┌─ STUDY MATERIAL

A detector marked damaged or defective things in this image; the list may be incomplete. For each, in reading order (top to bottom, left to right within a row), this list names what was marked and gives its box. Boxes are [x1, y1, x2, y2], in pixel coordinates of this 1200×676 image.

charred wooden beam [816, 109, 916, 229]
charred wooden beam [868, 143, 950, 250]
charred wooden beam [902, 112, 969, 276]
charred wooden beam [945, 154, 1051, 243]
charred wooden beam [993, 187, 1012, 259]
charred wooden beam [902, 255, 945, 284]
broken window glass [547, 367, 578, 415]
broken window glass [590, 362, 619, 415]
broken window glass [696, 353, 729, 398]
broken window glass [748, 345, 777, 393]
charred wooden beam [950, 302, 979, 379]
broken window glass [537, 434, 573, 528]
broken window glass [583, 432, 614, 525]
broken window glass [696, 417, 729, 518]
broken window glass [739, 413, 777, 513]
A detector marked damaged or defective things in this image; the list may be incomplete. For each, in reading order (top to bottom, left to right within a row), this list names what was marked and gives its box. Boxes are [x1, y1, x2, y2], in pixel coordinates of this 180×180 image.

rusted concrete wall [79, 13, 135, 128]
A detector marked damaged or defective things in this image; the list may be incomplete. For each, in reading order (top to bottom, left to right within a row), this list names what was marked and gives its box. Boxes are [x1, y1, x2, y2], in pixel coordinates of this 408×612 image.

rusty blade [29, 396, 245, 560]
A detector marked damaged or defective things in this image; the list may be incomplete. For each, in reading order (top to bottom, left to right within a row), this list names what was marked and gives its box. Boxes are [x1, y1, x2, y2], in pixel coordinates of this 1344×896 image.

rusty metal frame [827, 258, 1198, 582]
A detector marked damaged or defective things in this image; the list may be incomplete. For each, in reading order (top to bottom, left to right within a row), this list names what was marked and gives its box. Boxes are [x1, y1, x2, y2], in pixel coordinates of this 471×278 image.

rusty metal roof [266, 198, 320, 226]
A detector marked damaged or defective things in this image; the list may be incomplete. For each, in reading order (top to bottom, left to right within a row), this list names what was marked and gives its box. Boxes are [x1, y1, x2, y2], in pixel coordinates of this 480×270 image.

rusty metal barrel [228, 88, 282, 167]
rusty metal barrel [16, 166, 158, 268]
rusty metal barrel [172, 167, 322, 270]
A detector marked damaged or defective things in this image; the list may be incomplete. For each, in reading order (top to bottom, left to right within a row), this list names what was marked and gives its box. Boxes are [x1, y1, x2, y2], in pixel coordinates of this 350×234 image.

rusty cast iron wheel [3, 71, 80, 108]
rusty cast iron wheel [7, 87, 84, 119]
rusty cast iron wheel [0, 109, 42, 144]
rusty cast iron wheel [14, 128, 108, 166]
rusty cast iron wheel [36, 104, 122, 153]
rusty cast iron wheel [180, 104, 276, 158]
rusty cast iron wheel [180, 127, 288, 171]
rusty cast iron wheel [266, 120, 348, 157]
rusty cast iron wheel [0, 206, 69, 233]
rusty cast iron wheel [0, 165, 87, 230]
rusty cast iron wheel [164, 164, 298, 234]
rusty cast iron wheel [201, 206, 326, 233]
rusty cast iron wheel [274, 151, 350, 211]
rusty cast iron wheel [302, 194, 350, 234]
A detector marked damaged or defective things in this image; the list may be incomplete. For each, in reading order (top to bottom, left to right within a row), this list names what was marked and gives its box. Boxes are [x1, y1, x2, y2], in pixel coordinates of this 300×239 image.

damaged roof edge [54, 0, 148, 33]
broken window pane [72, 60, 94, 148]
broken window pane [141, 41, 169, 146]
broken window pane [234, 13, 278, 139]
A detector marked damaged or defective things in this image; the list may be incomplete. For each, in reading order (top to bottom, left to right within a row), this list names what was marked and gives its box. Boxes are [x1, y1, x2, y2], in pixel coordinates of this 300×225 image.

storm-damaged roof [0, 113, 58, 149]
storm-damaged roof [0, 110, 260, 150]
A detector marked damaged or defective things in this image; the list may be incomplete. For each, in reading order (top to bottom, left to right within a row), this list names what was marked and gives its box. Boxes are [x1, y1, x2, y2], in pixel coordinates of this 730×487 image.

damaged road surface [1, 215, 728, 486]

└─

GOAL OF THE EXERCISE → All of the material above must be transcribed exactly, with no line dropped.

FINISHED TASK →
A detector marked damaged or defective things in this image; the list may be incomplete. For each, in reading order (top to bottom, left to right within a row), this list names what was marked and gives its box. Boxes are [x1, y1, x2, y2], in pixel coordinates of this 1200×676 image.

charred wooden beam [816, 109, 916, 229]
charred wooden beam [868, 143, 950, 250]
charred wooden beam [902, 112, 969, 276]
charred wooden beam [945, 154, 1051, 243]
charred wooden beam [993, 187, 1012, 259]
charred wooden beam [902, 255, 945, 284]
broken window glass [547, 367, 578, 415]
broken window glass [590, 362, 619, 415]
broken window glass [696, 353, 729, 398]
broken window glass [748, 345, 777, 393]
charred wooden beam [950, 302, 979, 379]
broken window glass [537, 434, 573, 528]
broken window glass [583, 432, 614, 525]
broken window glass [696, 417, 729, 518]
broken window glass [739, 413, 777, 513]
A detector marked damaged or defective things in this image; the list may be incomplete. For each, in reading order (top to bottom, left to right within a row), this list names what was marked and gives its box. Boxes are [x1, y1, x2, y2], in pixel coordinates of this 180×180 image.

rusted concrete wall [79, 13, 135, 128]
A detector marked damaged or defective things in this image; the list may be incomplete. For each, in reading order (top to bottom, left to right within a row), this list names what was marked and gives its box. Boxes are [x1, y1, x2, y2], in pixel coordinates of this 408×612 image.

rusty blade [29, 396, 245, 560]
A detector marked damaged or defective things in this image; the list may be incomplete. For each, in reading order (top to bottom, left to right within a row), this list names what was marked and gives its box. Boxes are [x1, y1, x2, y2], in pixel coordinates of this 1344×896 image.

rusty metal frame [827, 258, 1198, 582]
A detector marked damaged or defective things in this image; the list may be incomplete. For each, in reading order (top to bottom, left to right within a row), this list names what was marked and gives its box. Boxes are [x1, y1, x2, y2], in pixel coordinates of this 471×278 image.

rusty metal roof [266, 198, 320, 226]
A detector marked damaged or defective things in this image; the list may be incomplete. For each, in reading order (top to bottom, left to right within a row), this list names what was marked and gives its box. Boxes are [x1, y1, x2, y2], in pixel coordinates of this 480×270 image.

rusty metal barrel [228, 88, 282, 167]
rusty metal barrel [16, 166, 158, 268]
rusty metal barrel [172, 167, 322, 270]
A detector marked damaged or defective things in this image; the list may be incomplete. For each, in reading order (top to bottom, left to right within a row), this list names what was marked and gives its box. Boxes are [x1, y1, x2, y2], in pixel coordinates of this 350×234 image.

rusty cast iron wheel [3, 71, 80, 108]
rusty cast iron wheel [7, 87, 84, 119]
rusty cast iron wheel [0, 109, 42, 144]
rusty cast iron wheel [14, 128, 108, 166]
rusty cast iron wheel [36, 104, 122, 153]
rusty cast iron wheel [180, 104, 276, 158]
rusty cast iron wheel [180, 127, 288, 171]
rusty cast iron wheel [266, 120, 348, 157]
rusty cast iron wheel [0, 206, 69, 233]
rusty cast iron wheel [0, 165, 87, 230]
rusty cast iron wheel [164, 164, 298, 234]
rusty cast iron wheel [201, 206, 326, 233]
rusty cast iron wheel [274, 151, 350, 211]
rusty cast iron wheel [302, 194, 350, 234]
A detector marked damaged or defective things in this image; the list may be incomplete. For each, in reading order (top to bottom, left to right within a row), this list names what was marked and gives its box. Boxes are [x1, y1, x2, y2], in pixel coordinates of this 300×239 image.

damaged roof edge [54, 0, 148, 33]
broken window pane [72, 60, 94, 148]
broken window pane [141, 41, 169, 146]
broken window pane [234, 13, 278, 139]
A detector marked damaged or defective things in this image; the list may be incomplete. For each, in reading order (top to bottom, left to right within a row), this list names what was marked and gives its box. Boxes are [x1, y1, x2, y2], in pixel coordinates of this 300×225 image.

storm-damaged roof [0, 113, 58, 149]
storm-damaged roof [0, 110, 260, 150]
A detector marked damaged or defective things in this image; the list may be incomplete. For each, in reading order (top to bottom, left to right within a row), this list names what was marked and gives its box. Boxes are [x1, y1, x2, y2], in pixel coordinates of this 730×487 image.

damaged road surface [1, 215, 728, 486]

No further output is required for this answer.